**Activity:** At the line containing "Osito EMS Foot Circulation Plus Foot Massager", begin an exact copy of the lines below and continue through the final one, with no pictures.

**Data block:**
-=-=-

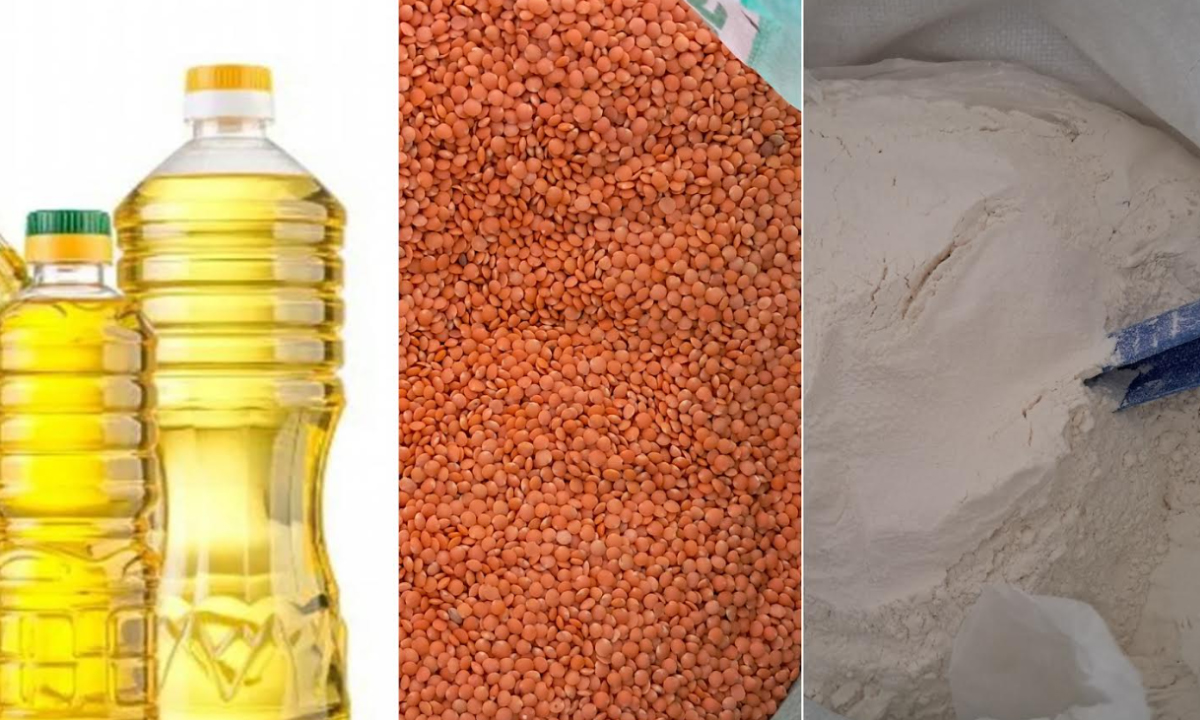 জেলেদের জন্য বিশেষ খাদ্য সহায়তা। ছবি : রূপালী বাংলাদেশ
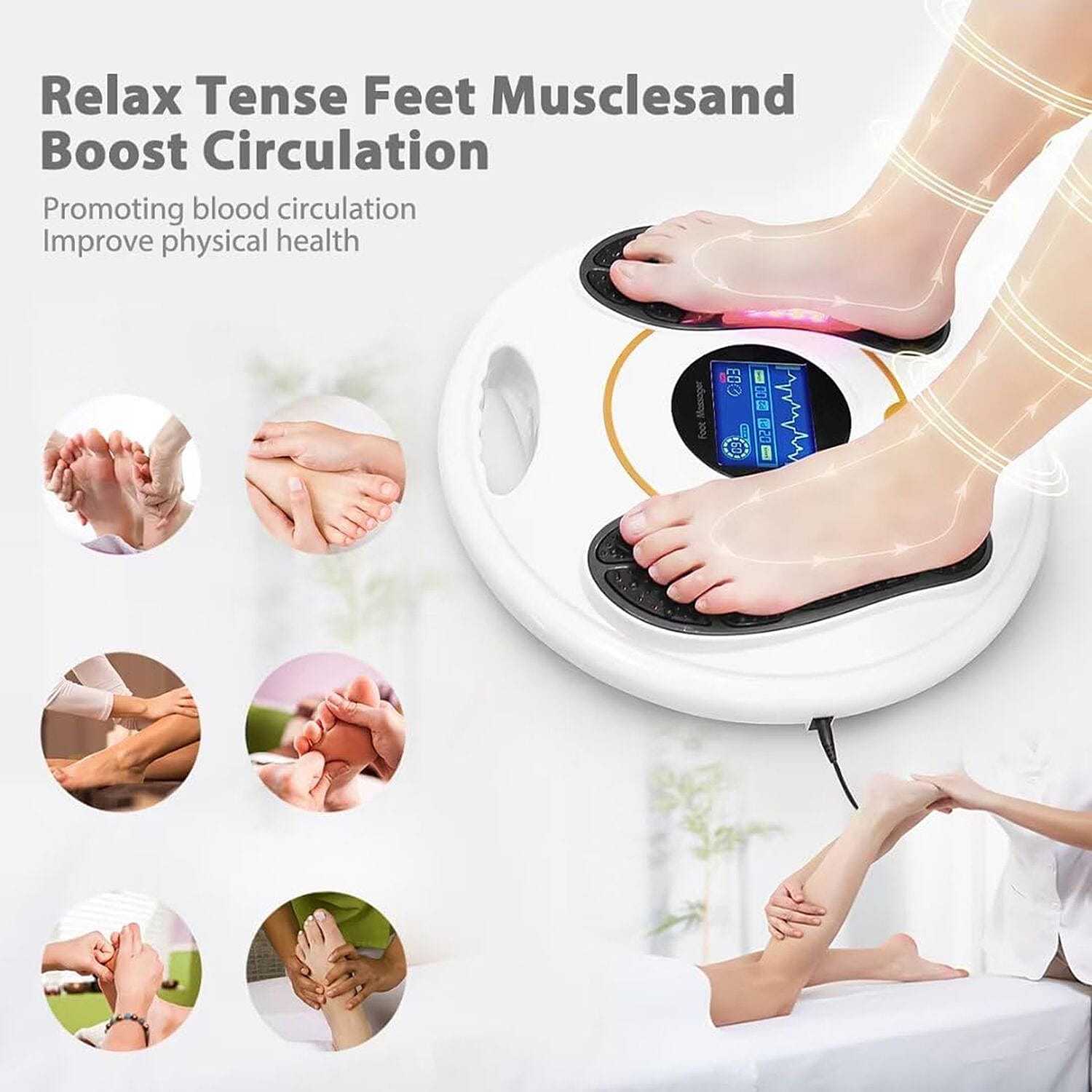Osito EMS Foot Circulation Plus Foot Massager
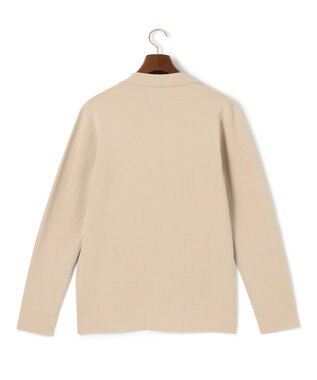 J.PRESS MEN 【WEB・一部店舗限定】ミラノリブ ニットジャケット ベージュ系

-=-=-

**Solution:**
Osito EMS Foot Circulation Plus Foot Massager
 J.PRESS MEN 【WEB・一部店舗限定】ミラノリブ ニットジャケット ベージュ系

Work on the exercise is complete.